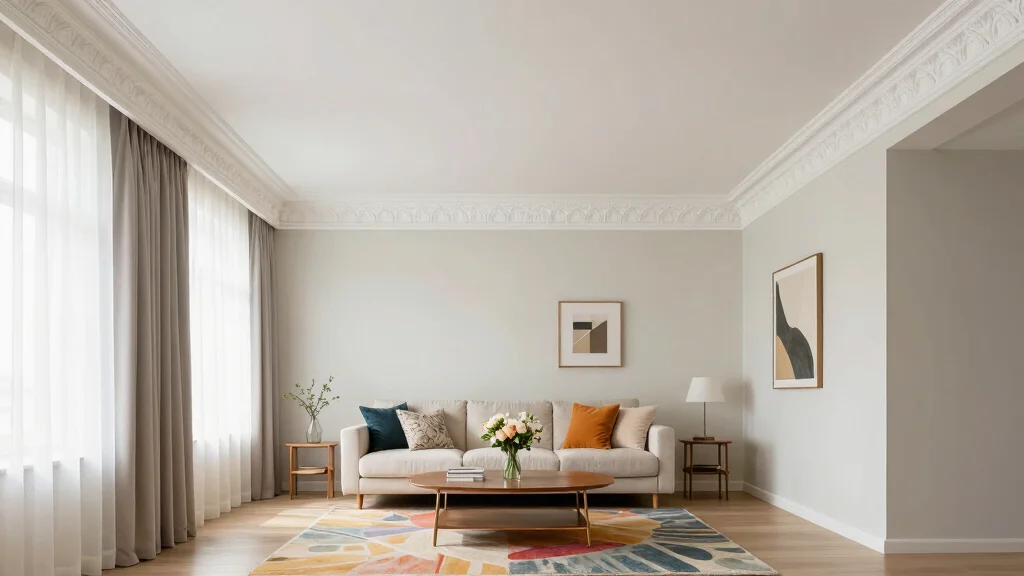 15 Ceiling Border Ideas for Elegant Detail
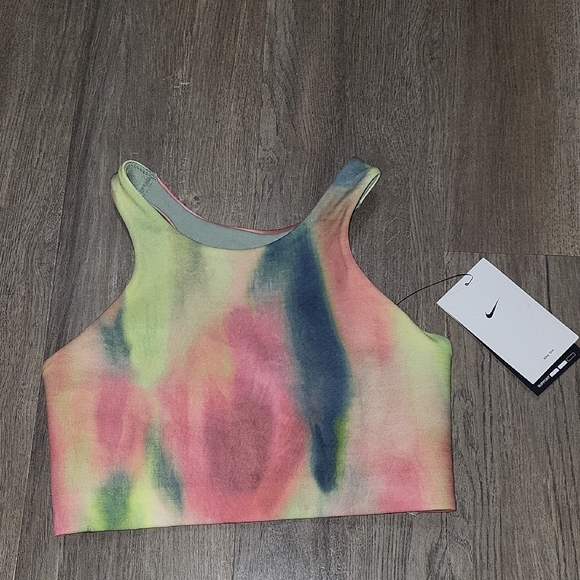 Nike Other - Nike Women's Multicolor Tie-Dye Top Sz Xs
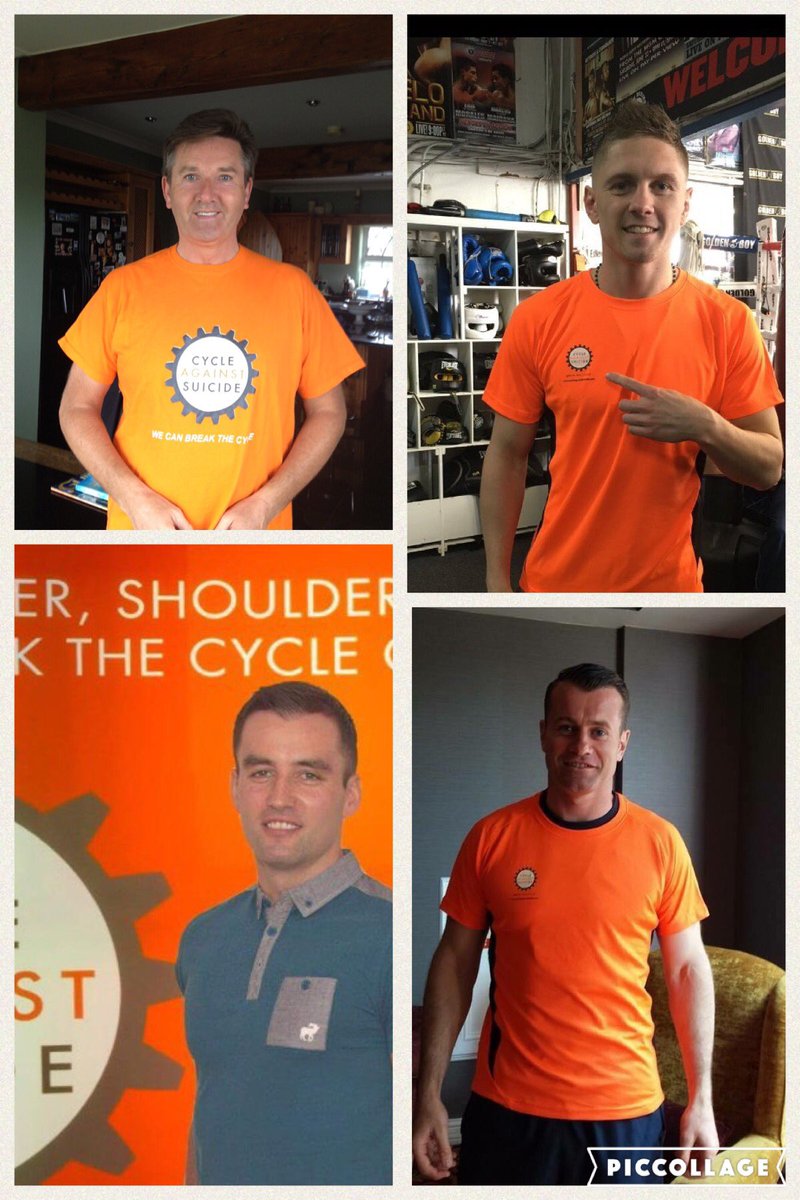 CASuicide's tweet photo. We're in Donegal to spread a message: 'It's OK not to feel OK' Great support of these local guys👍 #CASuicide800 https://t.co/svUE8qYN0K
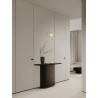 Platinum Gold Aluminium & Structured Acrylic LED 6 Watt 220-240Volt 466Lm 3000K IP20 D: 16 W: 9,6 H: 9 cm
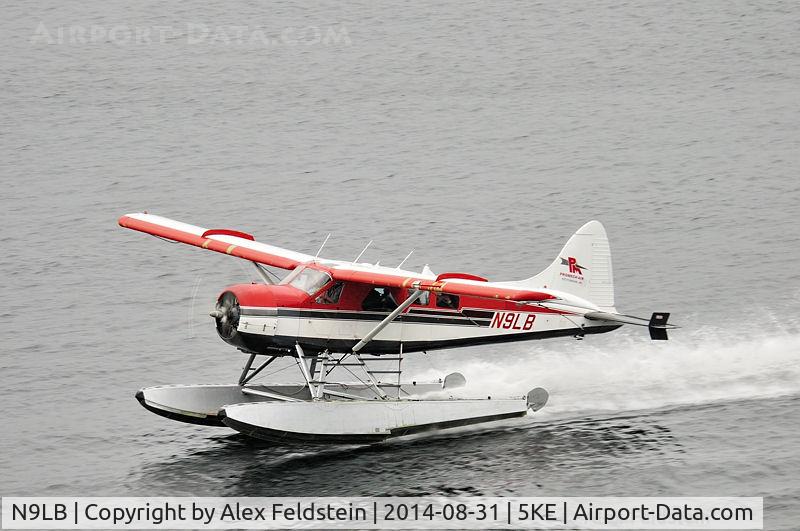 N9LB, 1952 De Havilland Canada DHC-2 Beaver MK.1 C/N 252, Ketchikan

> What to produce
Would you please print only the lines running from the one with "Platinum Gold Aluminium" to the final line of the entries above, exactly as written and without pictures?

> Answer box
 Platinum Gold Aluminium & Structured Acrylic LED 6 Watt 220-240Volt 466Lm 3000K IP20 D: 16 W: 9,6 H: 9 cm
 N9LB, 1952 De Havilland Canada DHC-2 Beaver MK.1 C/N 252, Ketchikan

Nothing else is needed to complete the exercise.